A Warmed Over Quartet Score or a New Tune in the Middle East?

According to Glenn Kessler in the Washington Post, Oct. 31, the Administration’s supplemental budget request sent to Congress on the 30th includes $435 million in additional aid for the Palestinian Authority, which is s six-fold increase in direct aid to the Palestinians.  $150 million would be for an immediate cash transfer to prevent a fiscal crisis and $130 would be in additional project financing.  $40 million is set aside for improving the Authority’s administration, $25 million for narcotics enforcement, $25 million for security forces loyal to Mahmoud Abbas, and $20 million would be for immediate improvement in health care at government clinics.  $15 million would be for refugees and $10 million for security for experts overseeing project assistance.  The package is targeted to enhance the position of Abbas and his Prime Minister Salam Fayyad, increase the number of Palestinian jobs through project assistance, and to compete with Hamas in critical areas like security and health care.   The Administration appears to be sweetening the pot for the Palestinians prior to the November summit in Annapolis.  But the pot may well be tainted since some members of Congress are already indicating that the funds for the Palestinian Authority are not a given and may be pulled from the legislation if the the November conference does not move the peace process forward.

While the Secretary is once again on the road to the Middle East to husband the conference through to some kind of agreement on principles, the political portents are not very encouraging.  Prime Minister Olmert already is facing rebellion in the ranks of his own party from those who are opposed to any concessions on the critical issues, like Jerusalem, that President Mahmoud Abbas says he must have.  And Abbas faces a fragmented Palestinian Authority and the prospect of renewed violence out of Gaza if he makes any concessions to Israel.  Almost any agreement faces the hostility of outside forces as well. 

The Syrians are deeply concerned that a final settlement of the Palestinian problem would leave them as odd man out with no prospect of getting the Golan back.  The Israelis will have very little incentive to trade off the Golan if that is the only problem left in the Arab-Israel agenda.  Freeing up the Israeli military from duty in the West Bank and positions around Gaza, as an agreement with the Palestinians would presumably do, would make Syria and Hezbollah more vulnerable and easier for Israel to deal with.  It is therefore likely that the Syrians will put pressure on Hamas and its leadership in Damascus to sabotage the Annapolis meeting by generating a confrontation on its eve to keep Olmert at home.

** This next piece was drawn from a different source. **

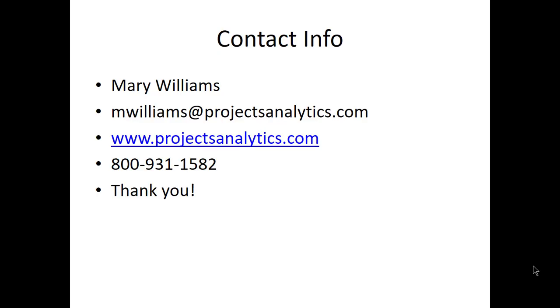This concludes our presentation regarding resource usage maps in ASTA Power Project. ASTA has many unique, robust features. If you have further interest, please contact me using the contact info displayed on the slide. Thank you for your interest.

The Iranians, for their part, want to keep the pressure on Israel to keep the idea fixed in Israeli minds that an Israeli attack on Iran’s nuclear facilities could have serious consequences in the form of terrorist attacks by Iran’s allies in Hezbollah and Hamas.  Last Saturday, Aytollah Khameni proposed a boycott of the Annapolis meeting.  He suggested, what countries like Saudi Arabia fear, that the meeting has been designed by the Americans to bolster Israel’s position and serve its interests rather than Palestinian interests.   

It would be truly a miracle if the weakest Israeli Prime Minister in years and the leader of the rump Palestinian area could find common cause on peace and make it stick.   The one thing going for this conference is that the parties may fear failure more than success.  However, looking at the facts on the ground it is a close call.

It is understandable that the US Administration needs a success given our low standing in the world.  But it is not at all clear why President Bush chose to pursue the Palestinian issue so late in his tenure and when his credibility and authority areat an all time low.   US policy is seen as having failed in Iraq, failed in Iran, failed in Lebanon and failed in the war on terror.  It is certainly the common wisdom in the Arab world that the US will fail again in Annapolis.   Countries in the region are increasingly inclined to ignore the United States, defy our President and wait for our elections.  In the meantime, a lot more can go wrong.  Let us hope that the troika of Rice, Olmert and Abbas have something more up their sleeves than warmed over quartet music and the formation of yet another committee.